So, what’s the issues?

Well, a portion of the lip is cracked now. I think I can fix that, but it’s going to take me some time, and I’m gonna have to pull the front end off to get at it. Not a big deal these days, but it’s still a bunch of work.

The rear tires are still scraping on the tabs inside the fenders where the bumper cover joins the body. Again, not often, and not badly, but it’s still there. I think just a little more adjustment (some more pre-load, a little more stiffness, and another turn of height) will do the job. It’s primarily happening when the car is loaded down, so the pre-load will definitely help.
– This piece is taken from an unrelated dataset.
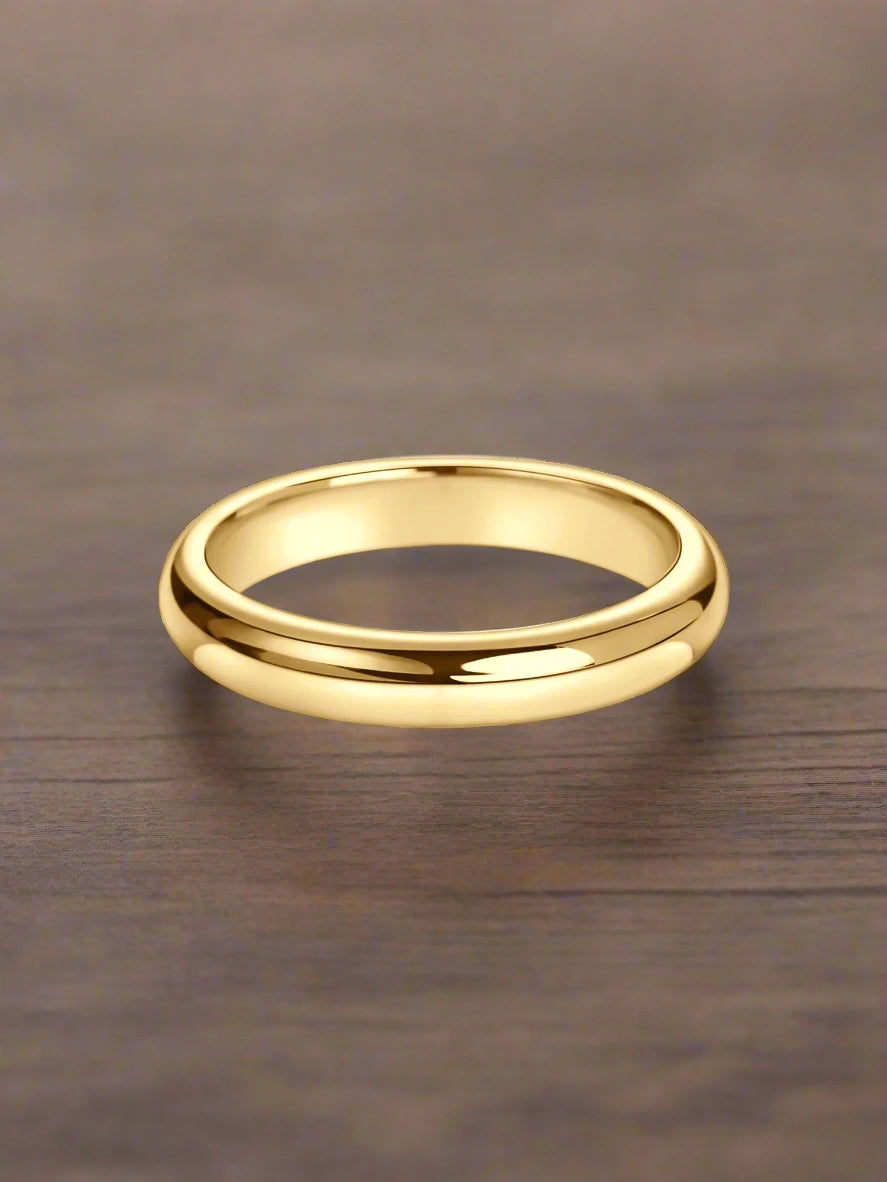 Mikan 2.0mm D-Shape Classic Gold Wedding Band – Unisex Polished Finish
And doing all this will put me closer to next years goal of going to the track.

At the same time, I did the front brakes with some nice, but affordable, parts from R1 Concepts, a few years back. At the time, we looked at the rears, and there was no real point doing them: they were pristine. Now, after 6.5 years of spirited driving, they are less so. A little grindy when you get aggressive, and the rotors are visibly scored. I’ve had the parts sitting around for three years, so it’s a matter of doing them. But I don’t want to go far, until I do them, for safety’s sake. As I’ll have the wheels off to mess with the suspension, I might as well do ’em then.

On top of that, the clutch is finally getting really bad. I think.

But here’s the thing. At this point, it might be the clutch (and again, I have one waiting, a stage 2 Competition Clutch. I just need a good clutch line (might as well do it while I’ve got everything apart) and a throwout bearing (a definite must do while the clutch is out). But it also might be the exhaust. The car is six and a half years old, and the stock engine/tune runs rich, and, due to turbo, blows some oil. Nature of the beast, not worried about it. BUT. I have feeling the stock catalytic converter is almost done, and is causing issues of restriction: the hesitation I can feel when I got wide-open with the throttle could be the clutch, except I’m not seeing the revs jump and then fall, except at high-gear, high load. So I’m wondering if it’s the back pressure building up behind a jammed up catalytic converter, that’s just not flowing as well as it used to. At the same time, I KNOW I’ve got an exhaust leak at the gasket between the catalytic and downpipe, and I think that’s a combination of a downpipe flange that wasn’t as well manufactured as it could have been, and worn catalytic converter studs.

Which means it’s time for a new catalytic converter.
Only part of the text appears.